Há um fato bastante surpreendente na democracia brasileira: um ministro do Supremo Tribunal Federal parece ter mais poderes do que Parlamentares e do que o Presidente da República eleitos pelo voto popular.
A Constituição Federal de 1988 foi muito generosa com o Poder Judiciário e o Ministério Público. O Brasil tinha acabado de sair de um período de vinte e um anos de ditadura militar. Não havia independência entre os Poderes e as instituições eram aparelhadas pelo aparato burocrático militar.
Vieram as “diretas já”, a “redemocratização”, e a “constituição cidadã”. O Judiciário e o Ministério Público ganharam, respectivamente, independência e ampla autonomia.
O Supremo da década de 1990 atuou de forma bastante comedida em relação às decisões do Executivo e Legislativo. Tivemos vários planos econômicos (p. ex. “cruzado, “real”), medidas de reforma administrativa do Estado brasileiro, impeachment de presidente (Collor). Enfim, foi uma década bem agitada e o STF, em geral, foi bastante comedido em relação às decisões políticas.
Contudo, dos anos 2000 em diante, as coisas começaram a mudar. Havia um certo clima nacional de que o Estado deveria ser mais presente na promoção de oportunidades e o Judiciário mais atuante na proteção de direitos.

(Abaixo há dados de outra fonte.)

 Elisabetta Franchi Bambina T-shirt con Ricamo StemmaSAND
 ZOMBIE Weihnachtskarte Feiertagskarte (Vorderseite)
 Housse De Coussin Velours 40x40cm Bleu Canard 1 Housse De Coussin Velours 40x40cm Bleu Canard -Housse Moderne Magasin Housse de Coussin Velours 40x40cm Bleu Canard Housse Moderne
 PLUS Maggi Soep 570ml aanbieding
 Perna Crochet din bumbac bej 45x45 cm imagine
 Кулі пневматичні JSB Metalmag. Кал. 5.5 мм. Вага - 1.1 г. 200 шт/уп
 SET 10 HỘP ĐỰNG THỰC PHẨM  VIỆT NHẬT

O poder do STF se expandiu.
Nessa época, alguns começaram a dizer: “olha, o poder do Supremo se expandiu tanto que vivemos em uma ‘supremocracia’”. Supremocracia? Esse termo indicava que o Brasil estava começando a viver sob o governo do Supremo Tribunal Federal. A Corte era também regente dos rumos políticos, econômicos e sociais do país ao lado ou sobre os Poderes Executivo e Legislativo.
Na última década, contudo, não foi o poder do STF, enquanto Corte colegiada, que se expandiu. Foi o poder dos ministros, individualmente, que foi ampliado. Os ministros passaram a dar entrevistas, a dar mais decisões monocráticas (individuais) e, mais recentemente, posicionar-se em redes sociais. Por isso, muitos têm dito que vivemos na época da “ministocracia”. Ministocracia? O governo de ministros individuais, não eleitos, mas bastante poderosos.

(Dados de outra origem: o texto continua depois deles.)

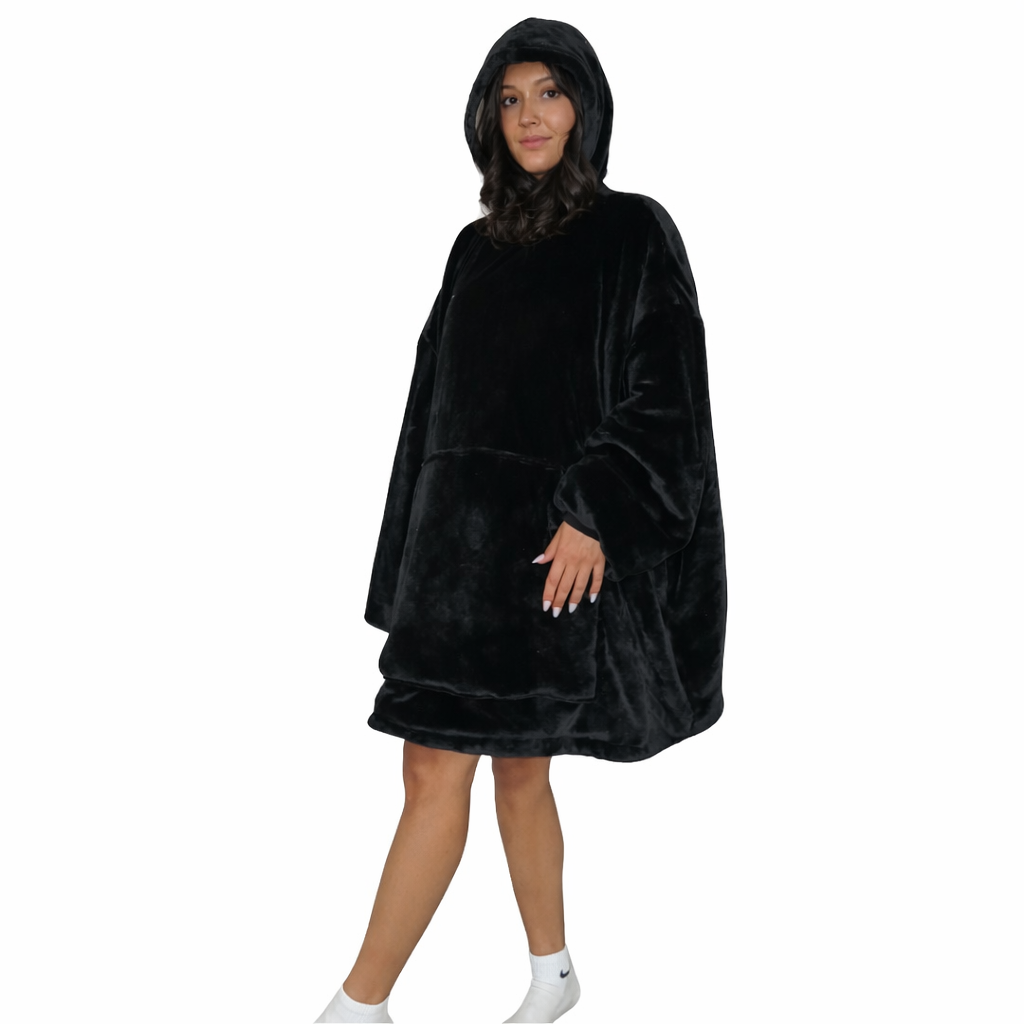 black  Blanket Hoodie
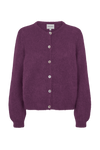 Susan Alpaca Cardigan Aubergine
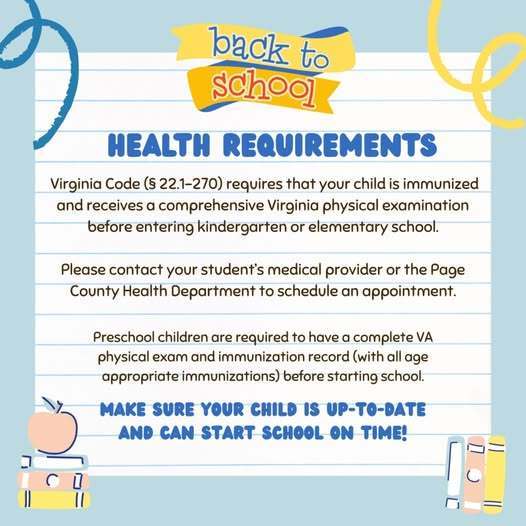 Health Requirements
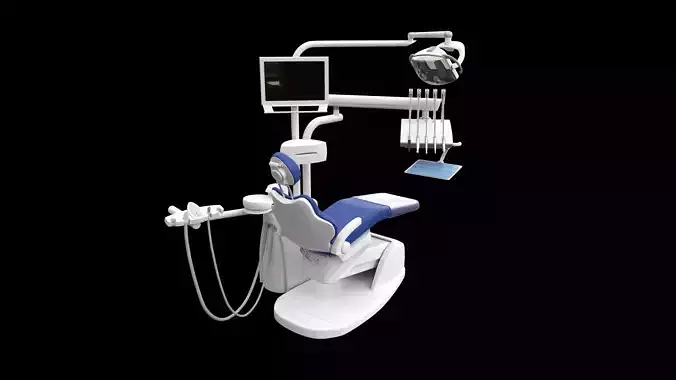 Dentist Chair rigged Low-poly 3D model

Sim, a Constituição de 1988 deu muito poder ao Supremo. Os ministros gostaram. Recentemente, um ministro pode declarar nula condenações de um ex-presidente e torná-lo elegível. Um ministro, sozinho! Não cabe aqui perguntar se a decisão foi acertada, mas sim refletir: o que ministros, não eleitos, tão poderosos indicam sobre nossa democracia, instituições e rumos de nosso país?
Na época do Império, na Constituição de 1824, Dom João VI assumiu o Poder Moderador. Era um poder sobre os outros Poderes, tornava o imperador inviolável e não sujeito à responsabilização. E pensar que quase duzentos anos depois, o arbítrio moderador havia sido superado.